普通は生存中にある年齢に達したり体力の限界などを理由に引退して当主の座を譲るのですが、リルバン家ではそうならなかったというわけです。」
「じゃあ、現在のフォン当主に何か問題はあるの?」
「現時点では、問題らしい問題は聞こえて来ませんでした。先程も触れましたとおり、名だたる強硬派だった先代と正反対の穏健派ということを反映してか、
フォン氏を悪く言う小作人や他の職業の人民とは出会いませんでした。」
「となると、現時点で最も怪しい警備班班長と、そいつがアレンの彼女候補を抹殺しようとすることの接点が見当たらんな・・・。」
「はい。深い事情は、実際リルバン家に潜入でもしないと分からないかもしれません。このような性質の問題は内部処理するのが世の常ですから。」
「何かと情報戦ではお前の手腕が頼りになる。こいつは調査なんかにはうってつけだから、お前に1匹やる。」
「ありがとうございます。では早速・・・。」
「我、大いなる神の名の下に彼の者と血の盟約を交わし、下僕として従わせ給え。我が名は、イアソン・アルゴス。
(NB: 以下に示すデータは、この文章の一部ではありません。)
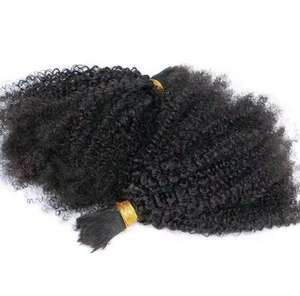 Usine prix de gros 100% <span class=keywords><strong>cheveux</strong></span> humains <span class=keywords><strong>Afro</strong></span> crépus bouclés 4c Texture <span class=keywords><strong>Afro</strong></span> en vrac tissage Extensions de <span class=keywords><strong>cheveux</strong></span> pour les femmes noires - Product Image 2
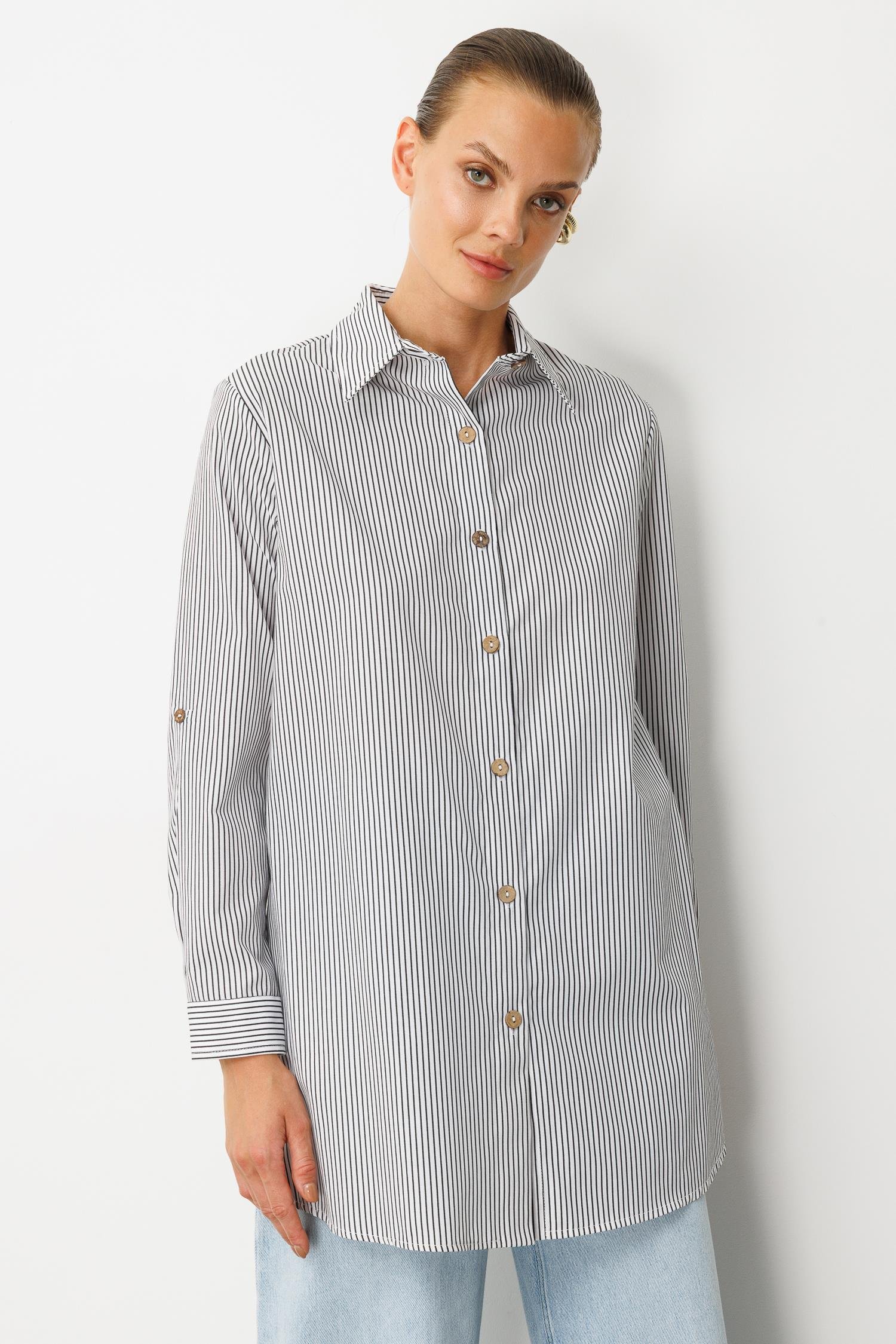 Düğme Detaylı Çizgili Tunik Gömlek-SİYAH/BEYAZ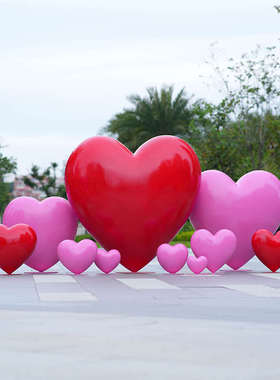 爱心美红造型雕塑摆件糖果网商业街气球装饰婚礼陈拍照打卡玻璃钢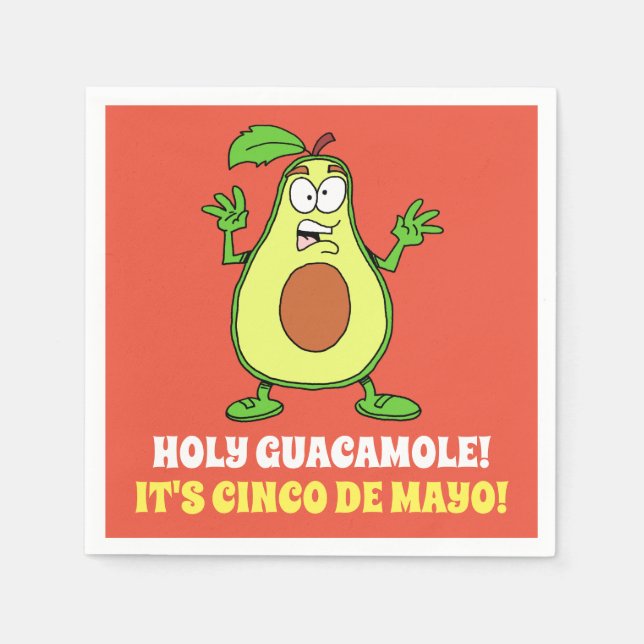 Heliga Guacamole Det är Cinco De Mayo Pappersservett (Framsidan)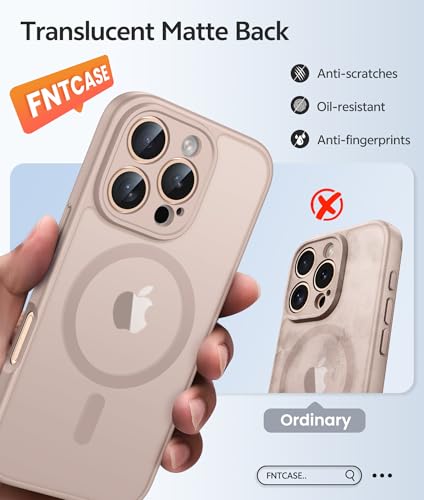 Image of FNTCASE for iPhone 16 Pro Max Case: [Compatible with Magsafe] Translucent Matte Cases with [Full Camera Protection] [Screen Protector] Military Grade Shockproof Protective Phone Cover - Desert Gold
」
微かに青白く光っていたパピヨンの全身が仄かに輝き、空気に溶け込むように姿を消す。「魔道剣士のお前ならパピヨン1匹くらい十分操作出来る。せいぜい有効に活用してくれ。」
「重ね重ね、ありがとうございます。」
「俺とシーナも調べてみる。イアソンは引き続き調査を続けてくれ。くれぐれも気を付けろよ。」
「はい。」
「折角オーディション本選出場者に成りすまさせた刺客を送り込みながら、みすみす返り討ちに遭ってしまうとは・・・。」
「あなた!このままでは由緒あるリルバン家が・・・!」
「私だって分かっておる!しかし、今回の計画が赤毛のガキに邪魔されて失敗に終わり、私は兄上の怒りを買って警備班班長を解任され、オーディション本選
終了までこの別館に軟禁だ!これではどうにも手が出せん!」
「ククククク・・・。」
「顧問殿!これは我々だけの問題ではない!貴方自身の問題でもあるのではないのですか?!なのに何故笑っていられる?!」
「まだ策はありますが故。」
「どういうことですかな?!」
「ホテル内での暗殺が不可能なら、別の機会に狙えば良いだけのこと。そう、例えばオーディション本選会場で・・・。」
「ど、どうやって?警備班を動かせない私ではどうしようも・・・。」
「ご心配は無用。貴方様の望みも私めの望みも叶う、まさに一石二鳥の試みはまだ終わったわけではありませんぞ・・・。」